:: Task prompt ::
From the first line to the last, give the records again exactly.

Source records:
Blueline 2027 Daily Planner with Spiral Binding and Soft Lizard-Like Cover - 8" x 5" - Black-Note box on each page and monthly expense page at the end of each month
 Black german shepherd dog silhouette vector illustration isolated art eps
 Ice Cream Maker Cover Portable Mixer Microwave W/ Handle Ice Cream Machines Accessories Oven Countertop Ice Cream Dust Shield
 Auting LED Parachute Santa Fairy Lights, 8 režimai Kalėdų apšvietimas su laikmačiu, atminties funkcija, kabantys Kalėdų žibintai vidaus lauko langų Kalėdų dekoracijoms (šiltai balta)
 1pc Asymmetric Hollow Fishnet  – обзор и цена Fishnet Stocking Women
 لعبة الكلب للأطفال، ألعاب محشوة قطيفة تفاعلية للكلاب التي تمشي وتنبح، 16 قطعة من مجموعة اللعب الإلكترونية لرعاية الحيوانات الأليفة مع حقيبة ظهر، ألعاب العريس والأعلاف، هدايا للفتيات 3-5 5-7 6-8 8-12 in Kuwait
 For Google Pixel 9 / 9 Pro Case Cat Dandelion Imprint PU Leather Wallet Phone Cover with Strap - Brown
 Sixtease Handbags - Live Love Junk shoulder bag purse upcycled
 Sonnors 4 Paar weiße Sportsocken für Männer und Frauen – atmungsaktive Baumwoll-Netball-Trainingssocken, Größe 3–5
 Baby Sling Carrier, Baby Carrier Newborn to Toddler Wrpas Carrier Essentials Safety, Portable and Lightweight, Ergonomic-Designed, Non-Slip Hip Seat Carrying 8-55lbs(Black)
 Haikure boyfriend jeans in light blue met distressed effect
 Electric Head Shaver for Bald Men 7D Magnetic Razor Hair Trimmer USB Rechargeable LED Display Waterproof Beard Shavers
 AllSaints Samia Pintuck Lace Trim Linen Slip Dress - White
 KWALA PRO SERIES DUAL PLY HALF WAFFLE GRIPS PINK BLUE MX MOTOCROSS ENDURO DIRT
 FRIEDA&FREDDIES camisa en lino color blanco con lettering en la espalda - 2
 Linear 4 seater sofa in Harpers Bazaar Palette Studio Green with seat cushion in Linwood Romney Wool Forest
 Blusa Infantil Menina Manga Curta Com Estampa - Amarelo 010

:: Solution to this task ::
Blueline 2027 Daily Planner with Spiral Binding and Soft Lizard-Like Cover - 8" x 5" - Black-Note box on each page and monthly expense page at the end of each month
 Black german shepherd dog silhouette vector illustration isolated art eps
 Ice Cream Maker Cover Portable Mixer Microwave W/ Handle Ice Cream Machines Accessories Oven Countertop Ice Cream Dust Shield
 Auting LED Parachute Santa Fairy Lights, 8 režimai Kalėdų apšvietimas su laikmačiu, atminties funkcija, kabantys Kalėdų žibintai vidaus lauko langų Kalėdų dekoracijoms (šiltai balta)
 1pc Asymmetric Hollow Fishnet  – обзор и цена Fishnet Stocking Women
 لعبة الكلب للأطفال، ألعاب محشوة قطيفة تفاعلية للكلاب التي تمشي وتنبح، 16 قطعة من مجموعة اللعب الإلكترونية لرعاية الحيوانات الأليفة مع حقيبة ظهر، ألعاب العريس والأعلاف، هدايا للفتيات 3-5 5-7 6-8 8-12 in Kuwait
 For Google Pixel 9 / 9 Pro Case Cat Dandelion Imprint PU Leather Wallet Phone Cover with Strap - Brown
 Sixtease Handbags - Live Love Junk shoulder bag purse upcycled
 Sonnors 4 Paar weiße Sportsocken für Männer und Frauen – atmungsaktive Baumwoll-Netball-Trainingssocken, Größe 3–5
 Baby Sling Carrier, Baby Carrier Newborn to Toddler Wrpas Carrier Essentials Safety, Portable and Lightweight, Ergonomic-Designed, Non-Slip Hip Seat Carrying 8-55lbs(Black)
 Haikure boyfriend jeans in light blue met distressed effect
 Electric Head Shaver for Bald Men 7D Magnetic Razor Hair Trimmer USB Rechargeable LED Display Waterproof Beard Shavers
 AllSaints Samia Pintuck Lace Trim Linen Slip Dress - White
 KWALA PRO SERIES DUAL PLY HALF WAFFLE GRIPS PINK BLUE MX MOTOCROSS ENDURO DIRT
 FRIEDA&FREDDIES camisa en lino color blanco con lettering en la espalda - 2
 Linear 4 seater sofa in Harpers Bazaar Palette Studio Green with seat cushion in Linwood Romney Wool Forest
 Blusa Infantil Menina Manga Curta Com Estampa - Amarelo 010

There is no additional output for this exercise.